Elle recueille également des témoignages, qui seront réunis avec les photos dans un livret : "On ne va pas faire une révolution, ou dire que ce quartier est meilleur que les autres quartiers de Grenoble. Mais je me rends compte que des gens racontent des choses très fortes. De belles histoires comme celle de cette dame a pu finir sa vie chez elle grâce à la solidarité de ses voisins, et pas de sa famille. Ça m'a bouleversée."
Des anecdotes que les habitants pourront se raconter lors de l'exposition présentée en extérieur pendant une grande fête organisée à l'automne 2024. "Rue aux enfants, rue pour tous, c'est entre la fête des voisins et une fête de quartier", se réjouit Pascale Yvetot. Celle qui habite le quartier depuis vingt ans, est aussi directrice du Café des enfants, le lieu où seront exposées les photographies.
"Avec le confinement, on avait tous pris un petit coup derrière la tête, et vraiment, les relations sociales en avaient pâti.

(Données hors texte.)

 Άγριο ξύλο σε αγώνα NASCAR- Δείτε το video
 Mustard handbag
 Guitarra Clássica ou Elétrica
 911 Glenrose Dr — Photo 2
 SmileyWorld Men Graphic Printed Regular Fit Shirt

Je me suis dit qu'il fallait faire quelque chose pour créer du lien", se rappelle-t-elle. "On s’est aperçu que c’était devenu difficile de remobiliser les gens, et qu’entre toutes les générations aussi, c’est hyper important pour les enfants de côtoyer les personnes âgées et inversement."
Parmi les personnes rencontrées, Nicole Balmat vient d'ailleurs de fêter son 86e anniversaire. Elle habite les Eaux-Claires depuis 56 ans et ne quitterait le quartier pour rien au monde. "Je ne partirais pas ailleurs, je suis trop bien. C'est un sacré projet, cette exposition. Dans la rue, des fois, des personnes, je ne connais pas leur nom, et on se fait constamment des sourires", déclare-t-elle.

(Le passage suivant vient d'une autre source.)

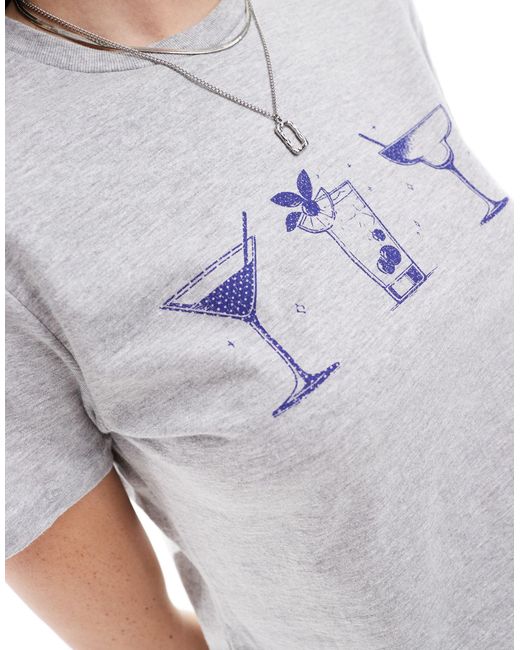 Camiseta gris hielo jaspeado con diseño encogido y estampado gráfico ASOS de color White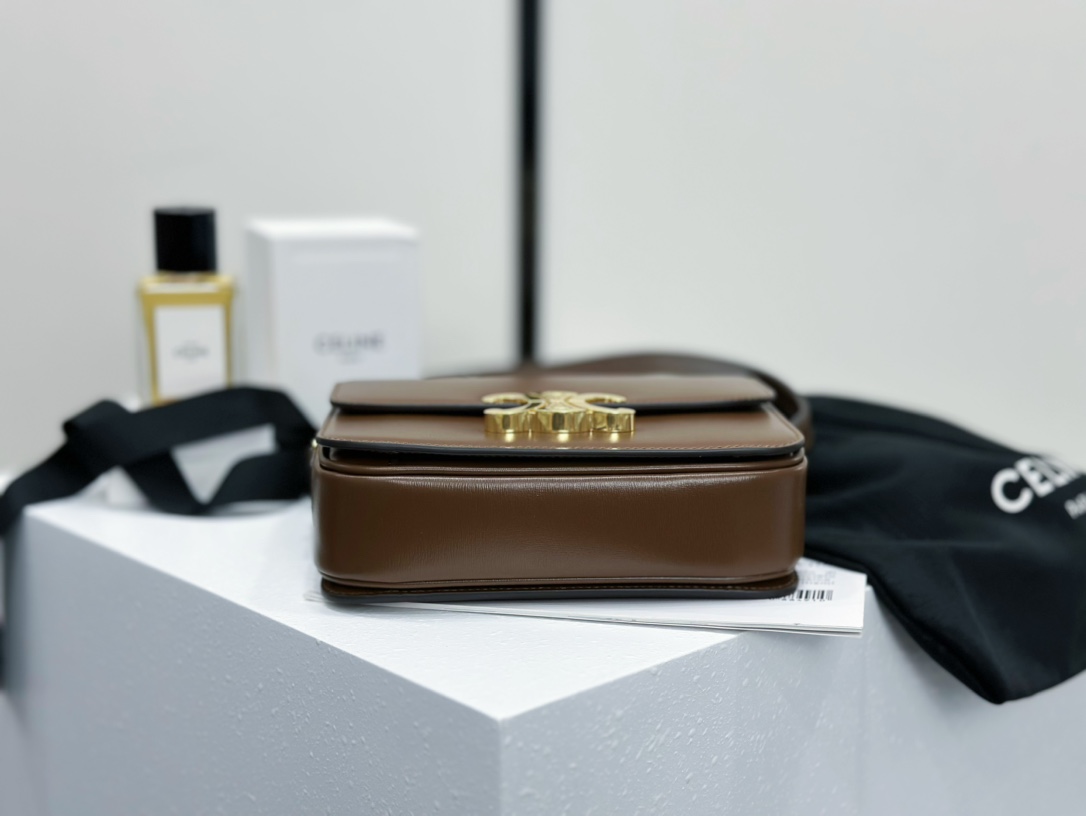 CELINE | Triomphe Khaki Box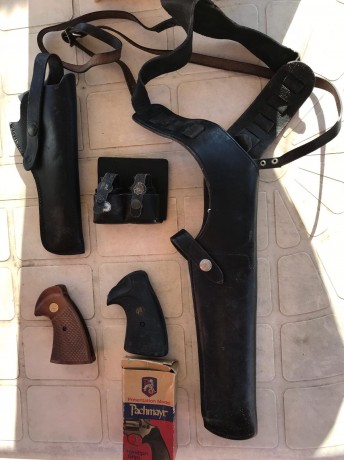 Hola compañeros.
Un amigo mio deja su actividad deportiva en el tiro y vende su Colt Python de 6pulgadas 81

L'idée, c'est de "sortir ces gens de l’anonymat, que ce soit des figures du quartier ou d’autres, de les mettre en lumière. Et peut-être, on l’espère, créer de relations de proximité entre elles après l’exposition. Ce serait chouette que ce lien perdure, et que ne dure pas seulement le temps de l’exposition", espère Pascale Yvetot.

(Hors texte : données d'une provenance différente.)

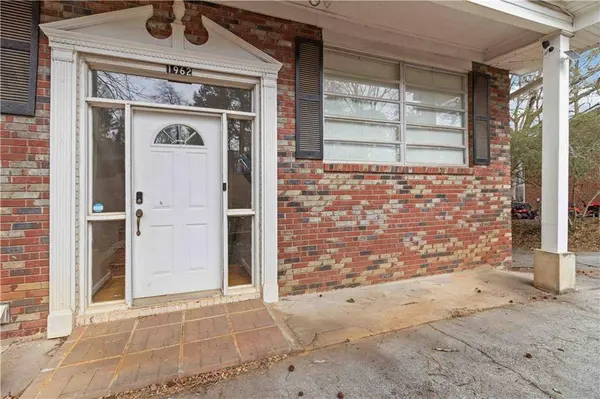 1962 Maple DR NW, Kennesaw, GA 30144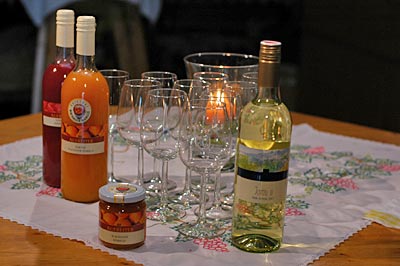 Österreich - Wachau - Köstlichkeiten der Wachau: Marille und Wein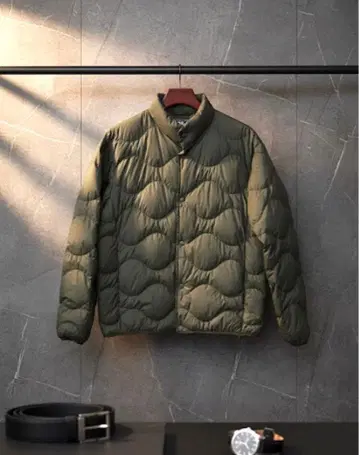 [ 새상품급 ] UNIQLO 울트라 라이트 다운 웨이브 퀼트 남성용 M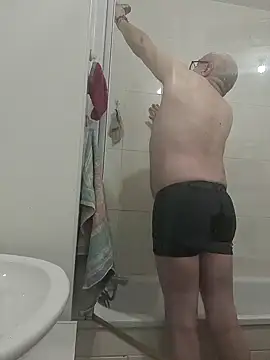 Snapshot of Bretoncool chatting on 14, 1, 2025 Bretoncool online show from 14, 1, 2025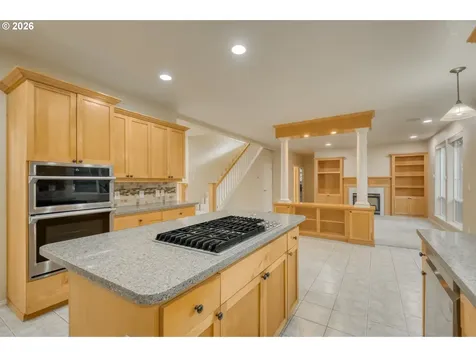 3637 NW Lansbrook Terrace Portland OR 97229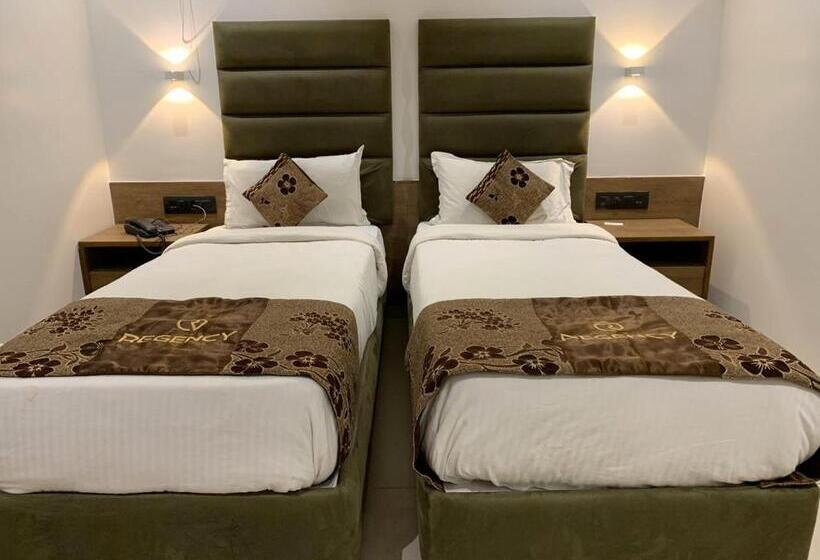 חדר דלוקס, Regency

Stéphanie Nelson vise une trentaine de portraits au total et reste en quête de modèles : "Il est possible de contacter le café des enfants, une première rencontre est organisée avec Pascale, puis je prends contact avec les volontaires", conclut Stéphanie Nelson, qui compte bien faire circuler son exposition dans plusieurs lieux de la métropole grenobloise.